Cet expert nous livre les trois secrets :

1. "D'abord il faut leur proposer une formation de trés bon niveau de manière régulière".

2. " de la mobilité. " Soit on est capable de proposer des évolutions à ses meilleurs collaborateurs, soit ces derniers vont aller les chercher ailleurs. Si l'on arrive, en le faisant tourner en interne, à garder ses talents, alors on est gagnant".

3. Enfin, ne pas négliger les salaires. " Il est clair qu'il faut valoriser les meilleurs, car il s'agit d'une source de motivation"...

Bon, voilà...c'est tout ?

Et cette façon de parler de "gagnant" pour l'entreprise, elle fait entendre que le salarié s'est bien fait avoir, non ?

Et ces formations "de trés bon niveau", c'est quoi ?

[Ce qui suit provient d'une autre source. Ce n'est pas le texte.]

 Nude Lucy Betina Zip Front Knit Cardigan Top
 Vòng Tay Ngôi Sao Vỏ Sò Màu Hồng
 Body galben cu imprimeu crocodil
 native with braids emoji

Si l'on en croit Sandra Elart, qui enseigne en sciences de l'éducation à l'université de Genève, et qui vient de sortir un ouvrage sur " Concevoir des dispositifs de formation d'adultes : du sacre au simulacre du changement", et dont Le Monde rendait compte lundi, c'est du pipeau total :

" La formation est un lieu de mise en scène du changement, permettant aux hommes et aux organisations de croire au changement, de l'instrumentaliser, de le donner en représentation, d'en vivre une simulation. Mais, fondamentalement, la formation n'est pas un levier de transformation profonde. Au contraire, dans certains cas - et l'on peut penser qu'ils sont majoritaires - la formation est là pour renforcer les structures et le pouvoir en place, tout en donnant l'illusion, de traiter de leur mutation...la formation sacralise le changement en lui fournissant des credos, des rites, des acteurs dédiés, mais elle n'en donne en fait qu'un simulacre".

Et pan sur le bec, comme dit la comtesse dans le canard enchaîné...

On dit qu'une catastrophe n'arrive jamais seule...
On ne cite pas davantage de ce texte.